### Information:

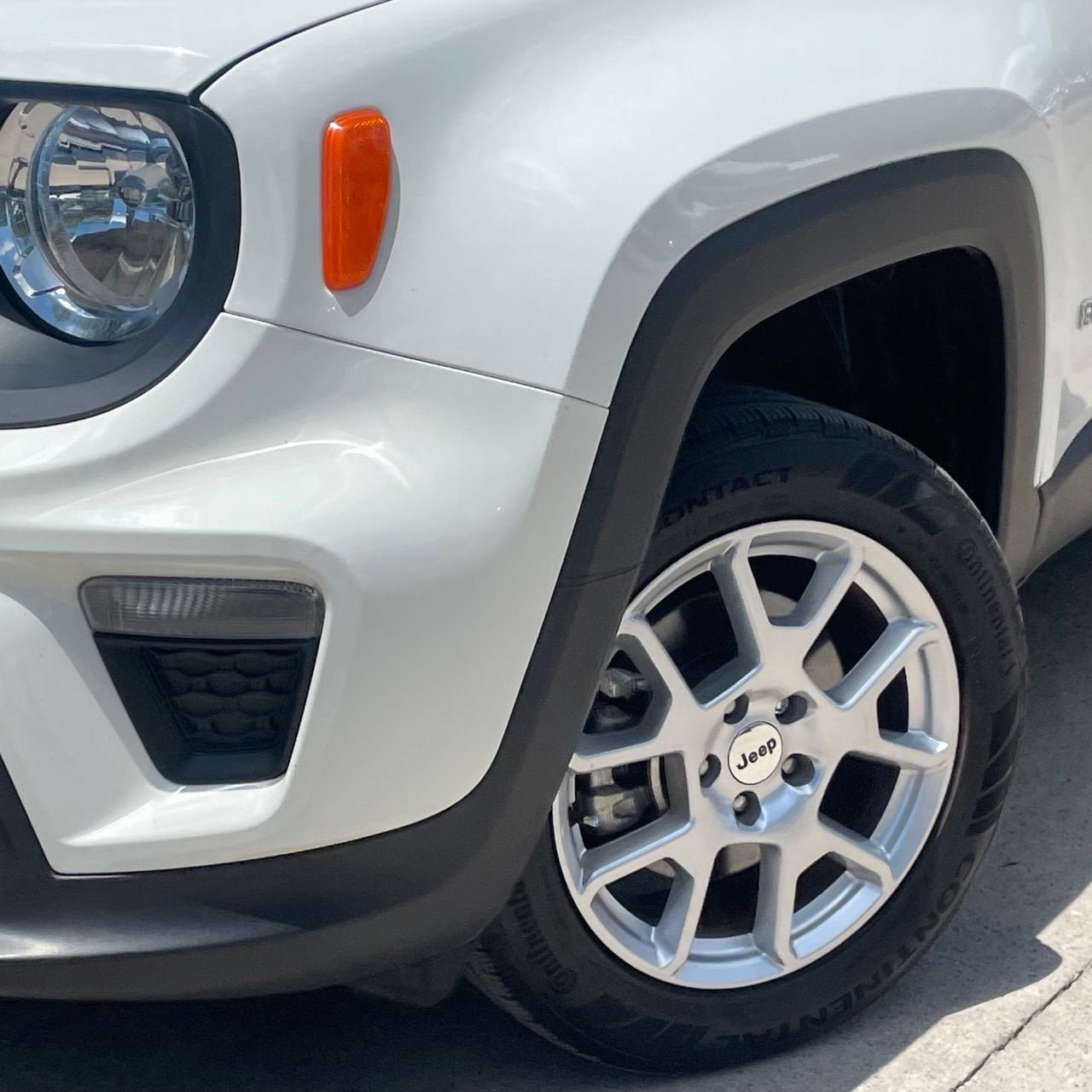 Used 2023 Jeep Renegade Latitude AWD/4WD image 8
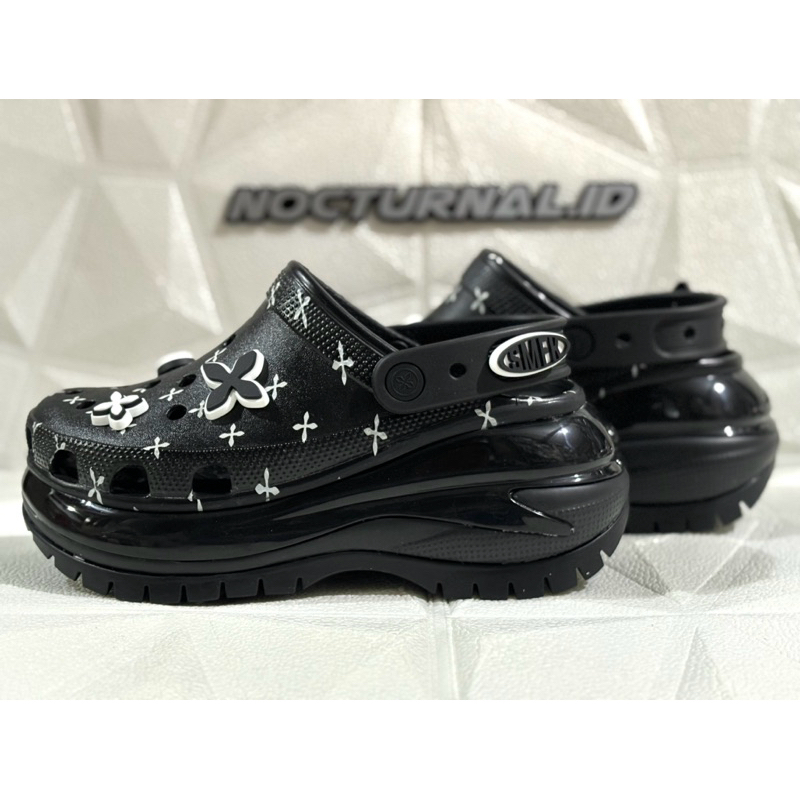 Crocs Classic Mega Crush Clog Hitam LV OriginalFREE JIBBITZ 4pcs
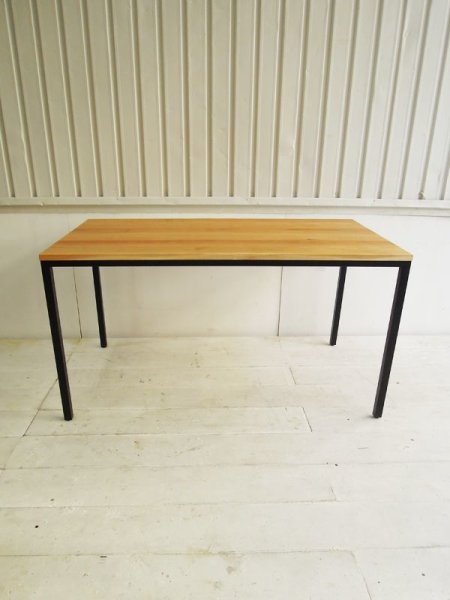 全体に華奢にスリムに見えるように製作した鉄脚テーブルです。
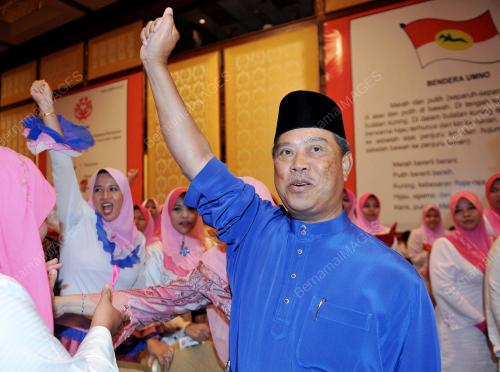 UMNO69_28112012_PUTERI_TPM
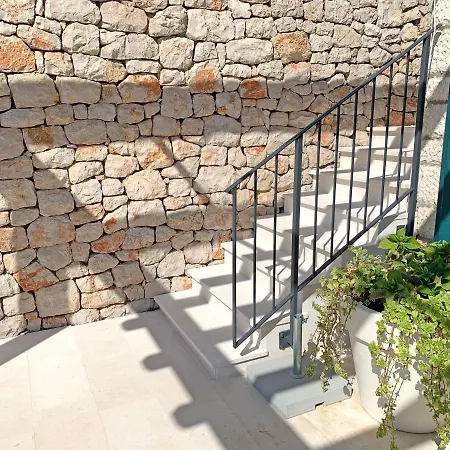 Brac Stone With Jacuzzi Villa Milna (Brac)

### Problem details:
Leaving out only the pictures, reproduce the listing exactly.

### Solution to this task:
 Used 2023 Jeep Renegade Latitude AWD/4WD image 8
 Crocs Classic Mega Crush Clog Hitam LV OriginalFREE JIBBITZ 4pcs
 全体に華奢にスリムに見えるように製作した鉄脚テーブルです。
 UMNO69_28112012_PUTERI_TPM
 Brac Stone With Jacuzzi Villa Milna (Brac)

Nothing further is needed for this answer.